Ben Stille

No. 96 – Detroit Lions
- Position: Defensive tackle
- Roster status: Practice squad

Personal information
- Born: November 12, 1997 (age 28) Ashland, Nebraska, U.S.
- Listed height: 6 ft 4 in (1.93 m)
- Listed weight: 296 lb (134 kg)

Career information
- High school: Ashland-Greenwood
- College: Nebraska (2016–2021)
- NFL draft: 2022: undrafted

Career history
- Miami Dolphins (2022); Cleveland Browns (2022); Arizona Cardinals (2023–2024); Tampa Bay Buccaneers (2024); Arizona Cardinals (2024); Miami Dolphins (2025)*; Atlanta Falcons (2025)*; Detroit Lions (2026–present);
- * Offseason or practice squad member only

Career NFL statistics as of 2024
- Total tackles: 17
- Sacks: 2
- Stats at Pro Football Reference

= Ben Stille =

American football player (born 1997)

Ben Stille (born November 12, 1997) is an American professional football defensive tackle for the Detroit Lions of the National Football League (NFL).
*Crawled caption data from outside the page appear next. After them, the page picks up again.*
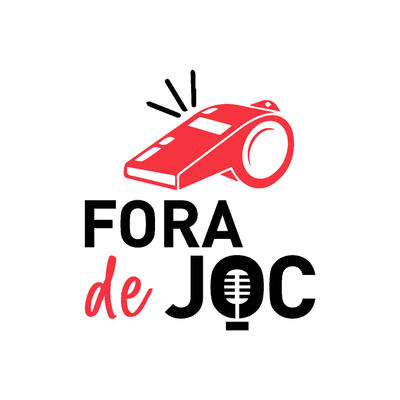 Fora de joc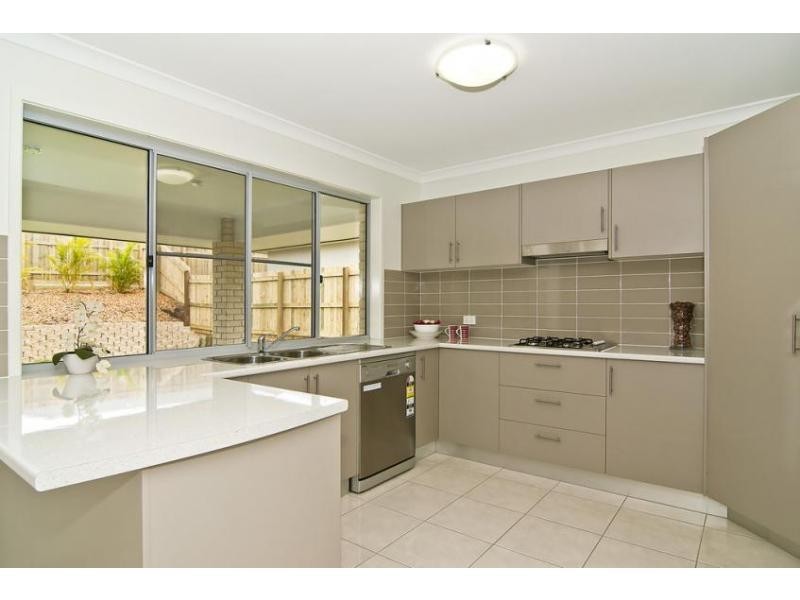 22 Grimes Terrace, Burnside QLD 4560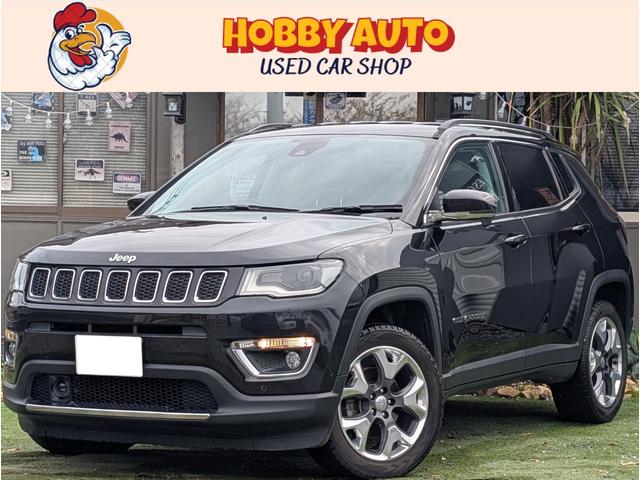 饤顼 סѥ ߥƥåɡףġ쥶ȡ졼롼ȥ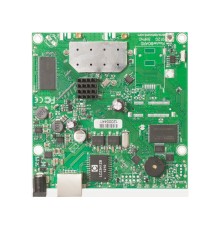 MikroTik RB912UAG-5HPnD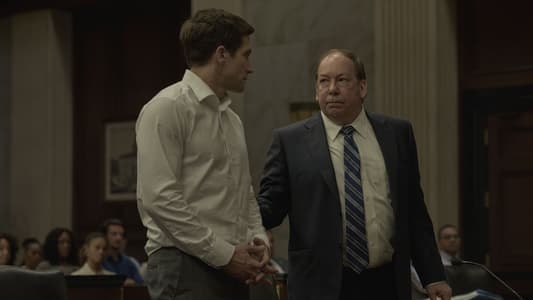 Image Presunto inocente 2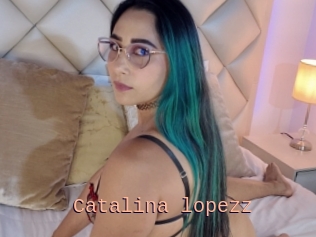 Catalina_lopezz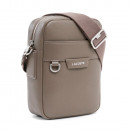 ossian-leather-shoulder-bag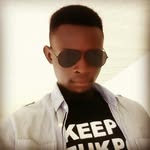 Mickie Brown - @mickiebro - Instagram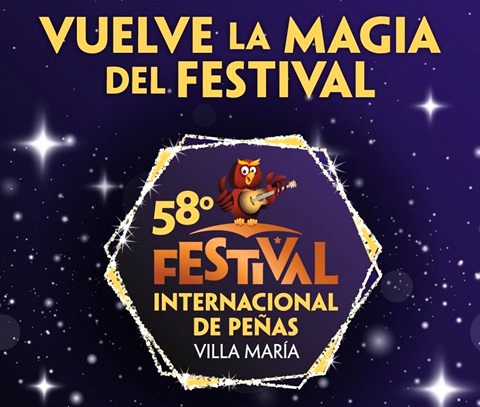 1a Festival Penias 2026 00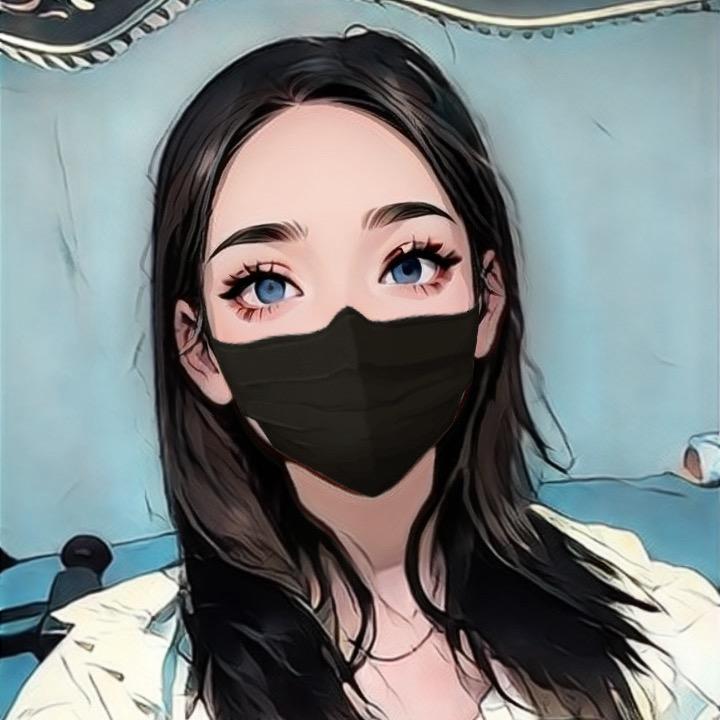 琴^_^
He played college football for the Nebraska Cornhuskers and was signed by the Miami Dolphins as an undrafted free agent in 2022.

==Professional career==

Pre-draft measurables
| Height | Weight | Arm length | Hand span | Wingspan | 40-yard dash | 10-yard split | 20-yard split | 20-yard shuttle | Three-cone drill | Vertical jump | Broad jump | Bench press |
| 6 ft 4 in (1.93 m) | 300 lb (136 kg) | 32+1⁄8 in (0.82 m) | 9+1⁄2 in (0.24 m) | 6 ft 7+1⁄4 in (2.01 m) | 4.98 s | 1.77 s | 2.88 s | 4.29 s | 7.45 s | 32.0 in (0.81 m) | 9 ft 8 in (2.95 m) | 22 reps |
All values from Nebraska's Pro Day

===Miami Dolphins===
On April 30, 2022, Stille signed with the Miami Dolphins as an undrafted free agent following the 2022 NFL draft. On August 30, the Dolphins released Stille, On September 1, Stille was re-signed to the Dolphins' practice squad. On October 22, the Dolphins elevated Stille to their active roster. The next day, Stille made his NFL debut, playing nine snaps and totaling two tackles.

===Cleveland Browns===
On November 15, 2022, the Cleveland Browns signed Stille off the Dolphins' practice squad. On May 9, 2023, Stille was waived by the Browns.

===Arizona Cardinals===
On May 10, 2023, Stille was claimed off waivers by the Arizona Cardinals. He was waived on August 30, and re-signed to the practice squad. He was promoted to the active roster on November 21. Stille was released on November 28 and re-signed to the practice squad two days later. He was promoted back to the active roster on January 5, 2024.

Stille was waived by the Cardinals on August 27, 2024, and re-signed to the practice squad.

===Tampa Bay Buccaneers===
On September 6, 2024, Stille was signed by the Tampa Bay Buccaneers off the Cardinals practice squad. He was waived on September 30.

===Arizona Cardinals (second stint)===
On October 3, 2024, Stille was signed to the Arizona Cardinals practice squad. He signed a reserve/future contract with Arizona on January 6, 2025. On May 22, Stille was waived by the Cardinals.

===Miami Dolphins (second stint)===
On June 5, 2025, Stille signed with the Miami Dolphins. He was waived on August 26 as part of final roster cuts.

===Atlanta Falcons===
On November 11, 2025, Stille signed with the Atlanta Falcons' practice squad. He signed a reserve/future contract with Atlanta on January 5, 2026. Stille was released by the Falcons on May 11.

===Detroit Lions===
On August 7, 2026, Stille signed with the Detroit Lions. On August 30, he was released as part of final roster cuts and re-signed to the practice squad.

==Personal life==
Stille is a Christian. He is married to his wife, Samantha.